The Omnia Medical Coupler-C Anterior Cervical Plate is indicated for use in temporarily stabilizing the anterior spine from C2 to T1 during the development of cervical spinal fusion in patients with degenerative disc disease (DD), neck pain of discogenic origin with degeneration of the disc confirmed by history and radiographic studies), spondylolisthesis, trauma (i.e., fracture or dislocation), spinal stenosis, deformities (i.e., scoliosis, kyphosis, and/or lordosis), tumors, pseudoarthrosis, or failed previous fusion.

Device Description

The Omnia Medical Coupler-C Anterior Cervical Plate system includes plates, screws, and an instrument set used to insert the implants. The implants are composed of Ti-6Al-4V ELI per ASTM F136. The screws are inserted into the vertebral body through corresponding holes in the plate to achieve fixation.

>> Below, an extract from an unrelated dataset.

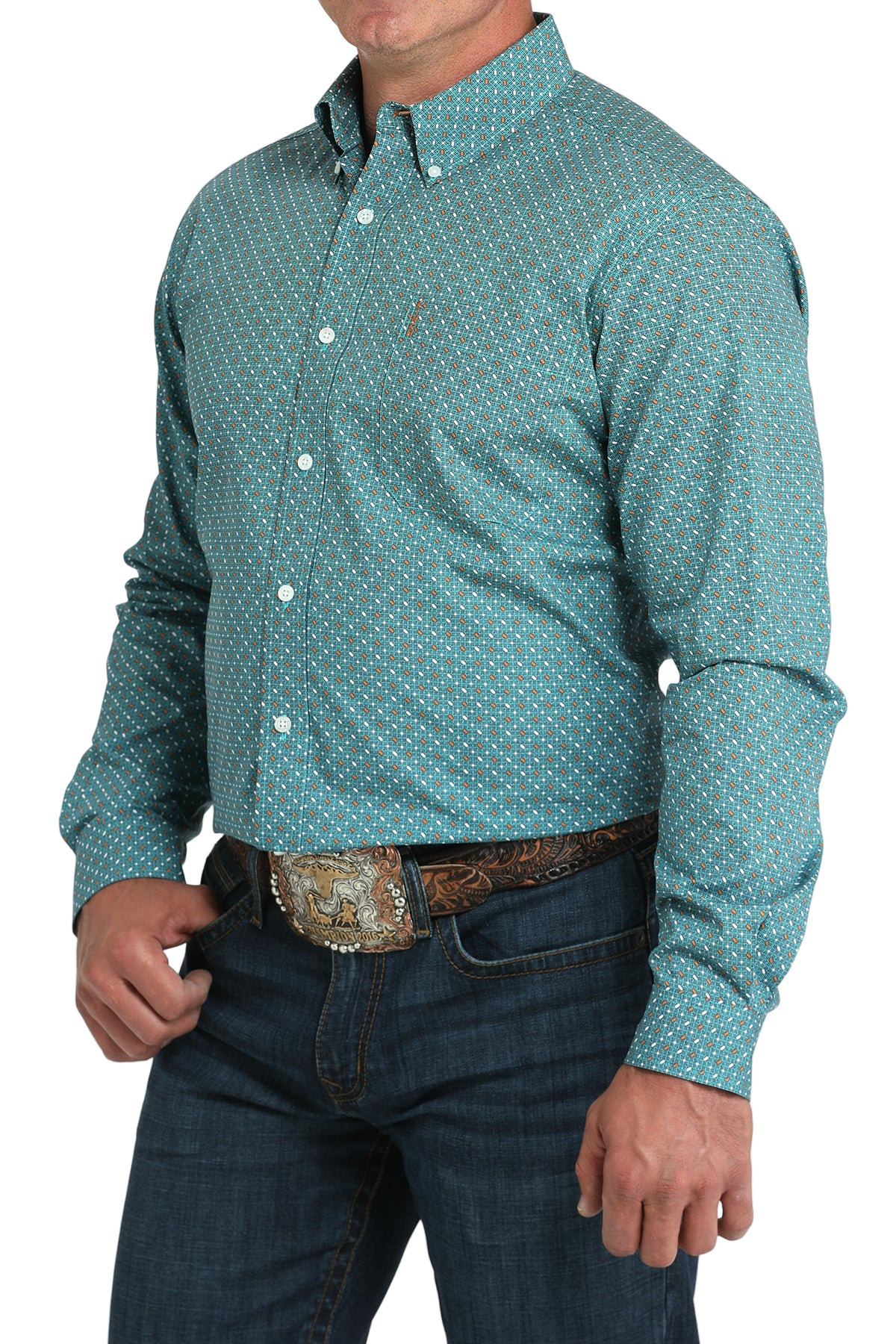 Man wearing a patterned teal long sleeve button-down shirt and jeans on a transparent background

A screw locking system is incorporated in the plate, allowing the surgeon to lock screws into place with anti-backout mechanisms after insertion. The plates are available in multiple lengths and levels to allow for utilization in fusion operations across 1 to 4 levels of the cervical spine. The system instrumentation is manufactured from surgical grade stainless steel (17-4 PH per ASTM F899) and other surgical grade materials. The instrumentation is used to prepare the site and to implant the device.

AI/ML Overview

This is a 510(k) premarket notification for a medical device, the Omnia Medical Coupler-C Anterior Cervical Plate. This document primarily focuses on establishing "substantial equivalence" of the new device to existing legally marketed predicate devices, rather than a diagnostic device that requires clinical performance studies based on acceptance criteria for accuracy metrics.

Therefore, the provided text does not contain any information regarding acceptance criteria, study details, sample sizes, expert qualifications, adjudication methods, MRMC studies, standalone performance, or ground truth establishment relevant to the performance of a diagnostic or AI-powered device.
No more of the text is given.